James found the words, and the tone used to deliver them, oddly touching. Still intent on hating the guy that had made his life hell all those years ago, he smirked. “Thanks. Means a lot coming from you.” The last jab was out before he knew it. To his surprise, Pulaski’s shoulders fell.
“Aw fuck, man,” he said, shaking his head. “I’ve gotta’…we’ve got some catching up to do. What are you doing tonight?”
James balked, his eyes opening wide and his jaw going slack. Really? This wasn’t really happening, was it? “What…what do you mean?” he stammered. Pulaski looked at him like a dog who’d been beaten. “You remember the place up the street? Joe’s old bar?”
“Uh, sure,” James said.
“It’s all fancy up there now. They sell antiques and shit. But the beers still cold. I’d invite you over to my place but…” Pulaski glanced side to side. “Meet me at eight. Okay?”
James started to shake his head. “I don’t…we’ve got a lot of…”

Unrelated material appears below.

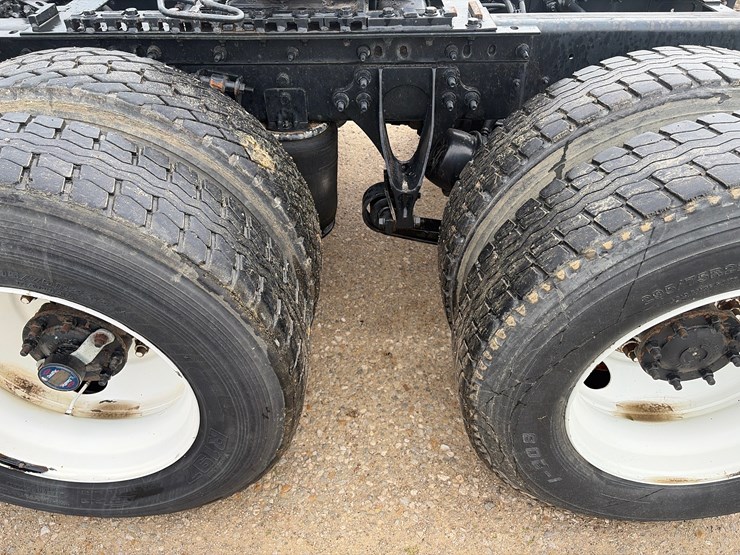 2015-international-transtar-8600-image-9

Pulaski scowled and poked a finger into James’ chest. “Hey. I’m buying you a cold one, buddy. Be there or be square.” He cracked a grin. “It’ll be just like old times.” Then he stomped around the hood of his truck, slammed the door after getting in, honked the horn three times and peeled away. Just like old times.
What the fuck was Pulaski talking about? Certainly not the shitty old times James remembered.He clenched a fist. Just like old times, indeed. Not if he could help it.